* **PROBLEM DESCRIPTION**
Verbatim output, no pictures: the lines from the beginning of the material through the line with "[Size 35] Giày", both ends kept.

-------- GIVEN ENTRIES --------

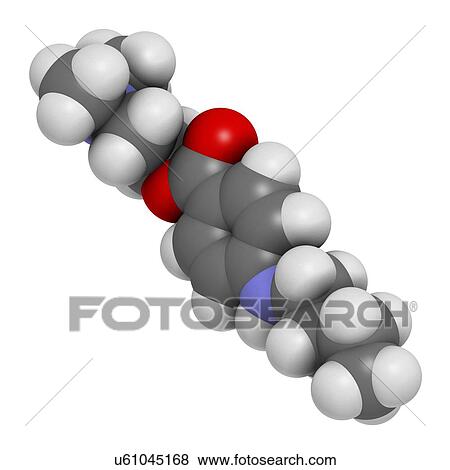 "Tetracaine local anesthetic drug molecule. Atoms are represented as spheres with conventional colour coding: hydrogen (white), carbon (grey), oxygen (red), nitrogen (blue). " View Large Illustration Stock Illustration - "Tetracaine local anesthetic drug molecule. Atoms are represented as spheres with conventional colour coding: hydrogen (white), carbon (grey), oxygen (red), nitrogen (blue). ". Fotosearch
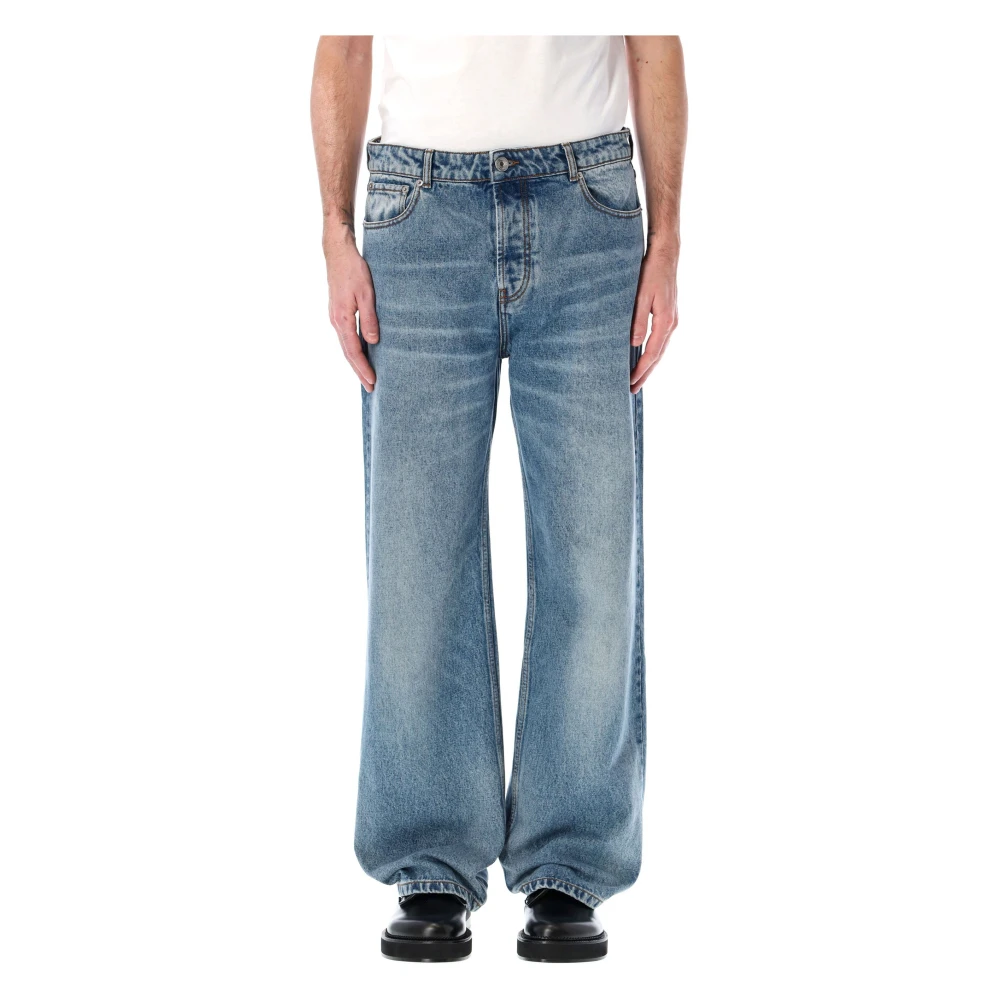 Ami Paris Gebruikte Blauwe Denim Large Fit Jeans Blue Heren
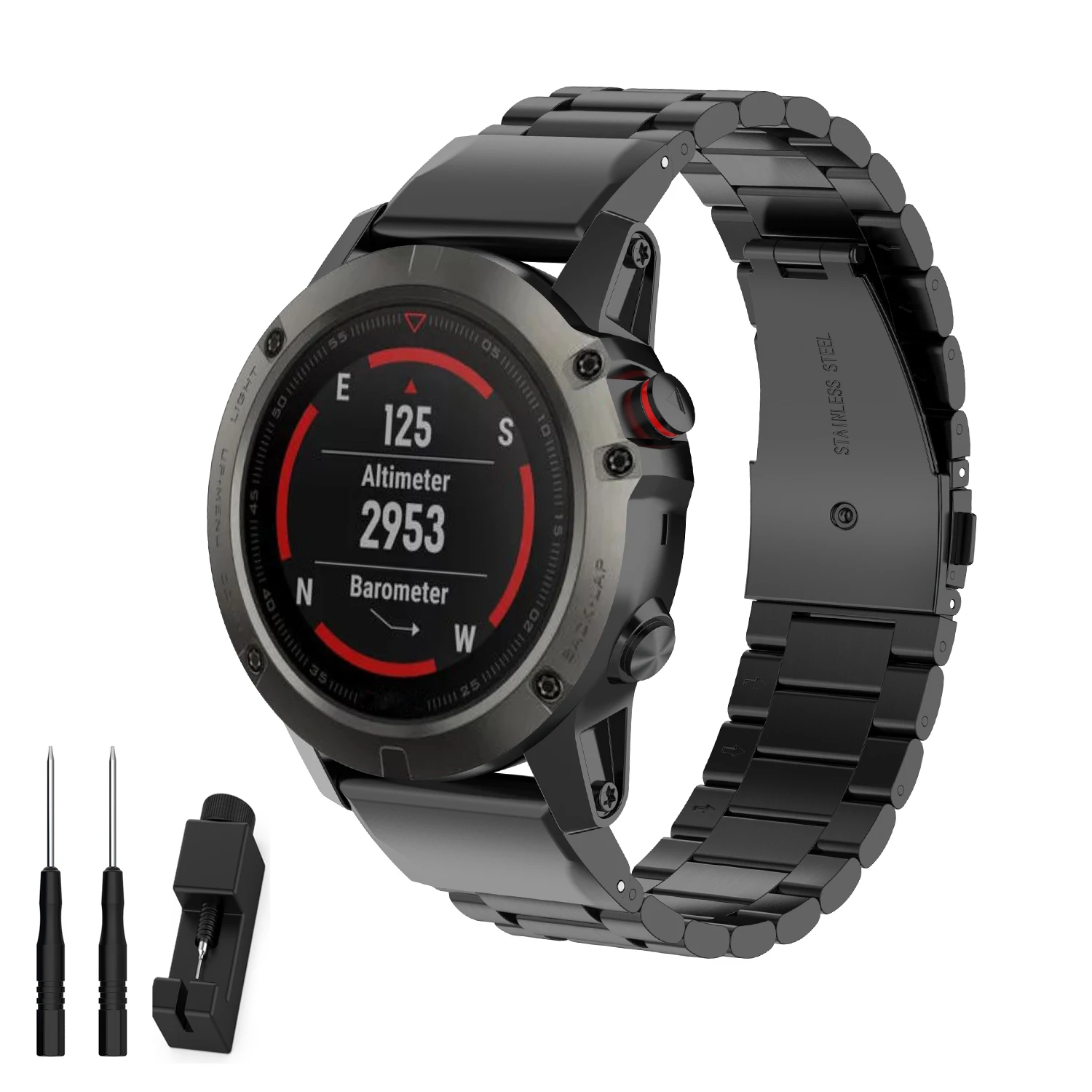 For Garmin Fenix 7X 6X/ 6X Pro 5X Pluse Quick Release Three Bead Stainless Steel Wrist 26MM Strap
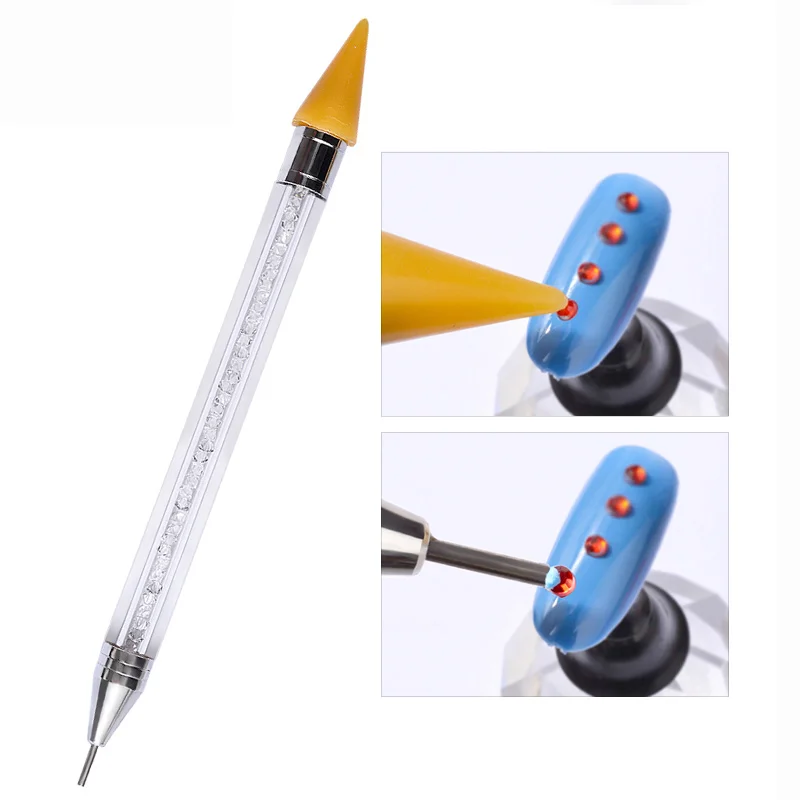 

New Dual-ended Dotting Pen Picking Rhinestone Studs Picker Wax Pencil Crystal Beads Handle Manicure Nail Art Tools Decoration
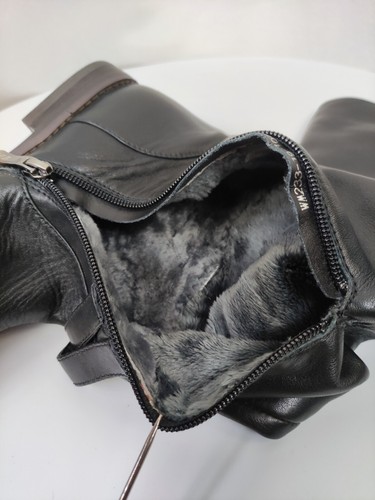 Wit Mooni Leather Boots Knee High Black Faux Fur Insole Low Flat Heel 36 - Picture 11 of 16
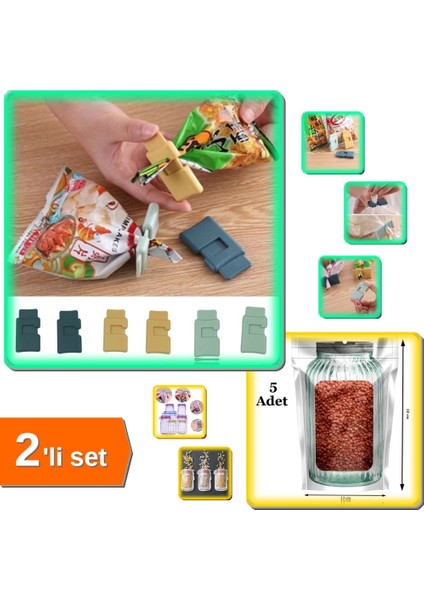 Poşet Kapatıcı Klips 6 Adet + Kavanoz Görünümlü Çıtçıtlı Saklama Poşeti 5 Adet Seti – HB49QW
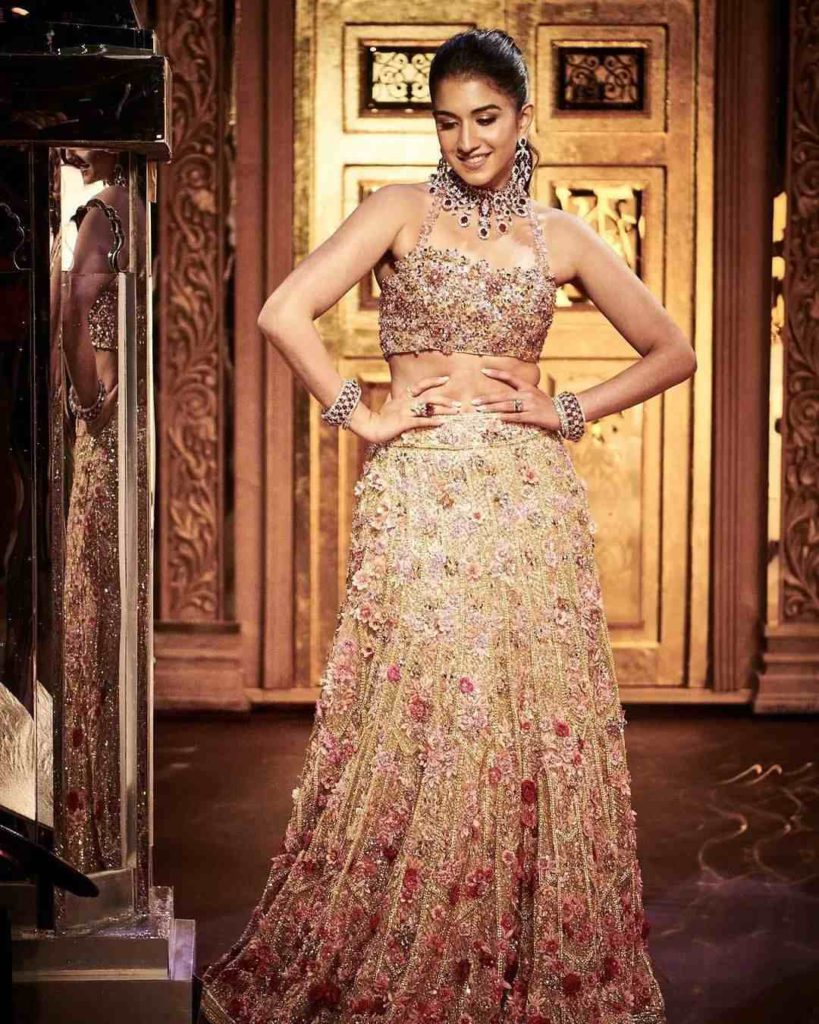 Radhika Merchant in custom Manish Malhotra lehenga for Sangeet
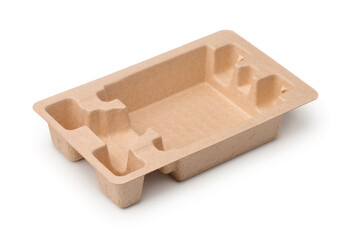 Empty molded paper pulp protective packaging tray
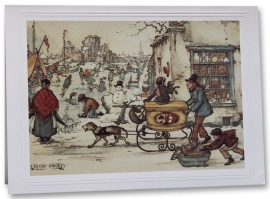 Wenskaart: Bakker op ijs, Anton Pieck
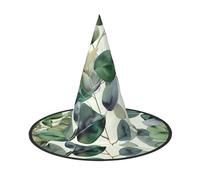 LRHCNZDCP Green Eucalyptus Leaves Printed Halloween Witch Hat for Women Men Festive Parties Cosplay Halloween Accessories, 2 PCS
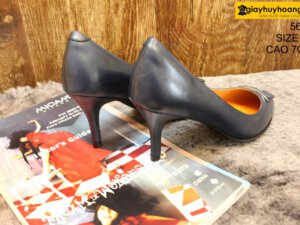 [Size 35] Giày da nữ cao gót xanh Navy Female 5612 cao 7cm 003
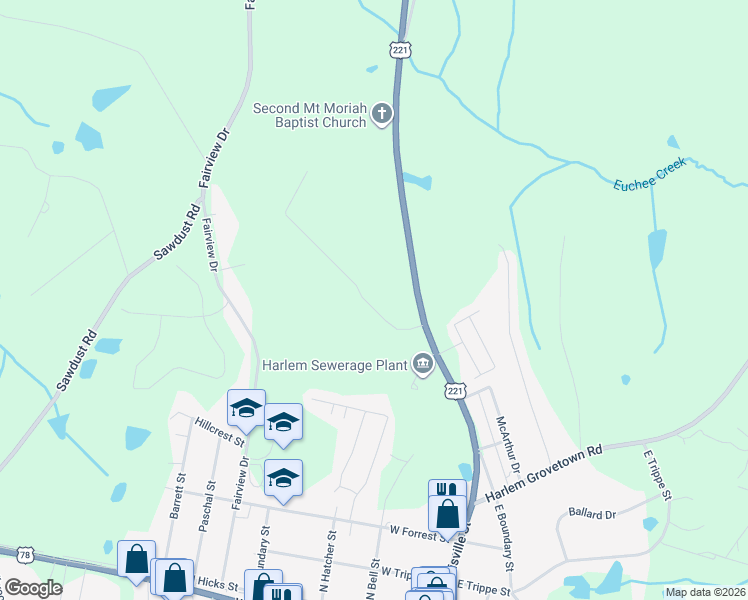 map of restaurants, bars, coffee shops, grocery stores, and more near 6480 Campbells Way in Harlem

--------

* **TASK ANSWER**
 "Tetracaine local anesthetic drug molecule. Atoms are represented as spheres with conventional colour coding: hydrogen (white), carbon (grey), oxygen (red), nitrogen (blue). " View Large Illustration Stock Illustration - "Tetracaine local anesthetic drug molecule. Atoms are represented as spheres with conventional colour coding: hydrogen (white), carbon (grey), oxygen (red), nitrogen (blue). ". Fotosearch
 Ami Paris Gebruikte Blauwe Denim Large Fit Jeans Blue Heren
 For Garmin Fenix 7X 6X/ 6X Pro 5X Pluse Quick Release Three Bead Stainless Steel Wrist 26MM Strap

New Dual-ended Dotting Pen Picking Rhinestone Studs Picker Wax Pencil Crystal Beads Handle Manicure Nail Art Tools Decoration
 Wit Mooni Leather Boots Knee High Black Faux Fur Insole Low Flat Heel 36 - Picture 11 of 16
 Poşet Kapatıcı Klips 6 Adet + Kavanoz Görünümlü Çıtçıtlı Saklama Poşeti 5 Adet Seti – HB49QW
 Radhika Merchant in custom Manish Malhotra lehenga for Sangeet
 Empty molded paper pulp protective packaging tray
 Wenskaart: Bakker op ijs, Anton Pieck
 LRHCNZDCP Green Eucalyptus Leaves Printed Halloween Witch Hat for Women Men Festive Parties Cosplay Halloween Accessories, 2 PCS
 [Size 35] Giày da nữ cao gót xanh Navy Female 5612 cao 7cm 003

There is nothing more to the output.